There has been a precedent-setting case down under which could send a chill through websites throughout the former British commonwealth.
Michael Trkulja won a landmark defamation case against Google over search results that linked him to underworld boss Tony Mokbel.
The ruling means that websites that link to offensive material may no longer be able to hide behind the defence that they are not technically publishers.
A court has ruled that websites have some responsibility for what passes through their search systems.
Christopher Dibb, barrister for Trkulja said his client had never been involved in criminal activity, but was shot in the back at a restaurant in Melbourne during gangland wars in 2004.
The now defunct website Melbourne Crime published photos labelled with his name.
Trkulja asked Google to remove the content in 2009, but the company told him to go forth and multiply.
Where Google went wrong was that it failed to respond to Trkulja's complaint. While it could still use a defence of innocent dissemination it had messed its own nest because it did know that the defamatory material was there.

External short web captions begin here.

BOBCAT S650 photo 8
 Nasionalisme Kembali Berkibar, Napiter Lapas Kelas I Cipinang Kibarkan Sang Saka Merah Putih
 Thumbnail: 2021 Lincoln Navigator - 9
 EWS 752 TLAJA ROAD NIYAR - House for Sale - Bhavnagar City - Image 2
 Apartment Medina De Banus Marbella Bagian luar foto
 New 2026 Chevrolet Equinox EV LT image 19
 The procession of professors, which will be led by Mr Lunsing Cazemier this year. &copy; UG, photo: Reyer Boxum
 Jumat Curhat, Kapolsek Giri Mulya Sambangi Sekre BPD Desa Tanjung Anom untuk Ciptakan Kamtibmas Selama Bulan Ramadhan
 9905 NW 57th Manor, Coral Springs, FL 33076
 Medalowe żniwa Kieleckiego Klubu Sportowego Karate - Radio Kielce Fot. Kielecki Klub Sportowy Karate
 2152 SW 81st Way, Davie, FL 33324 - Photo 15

It means that Google and other search engines will have to take down defamatory material if they are advised of it.
So far similar cases in the UK have ruled that search engines are purely mechanical devices and are not responsible for the material published. But that was not really based on a similar argument. Australia has the same legal system as the UK and the same Queen.
In March, Trkulja won a similar case against Yahoo!, which accepted that if someone accessed material through Yahoo! then they were publishers. Trkulja was awarded $225,000 in damages.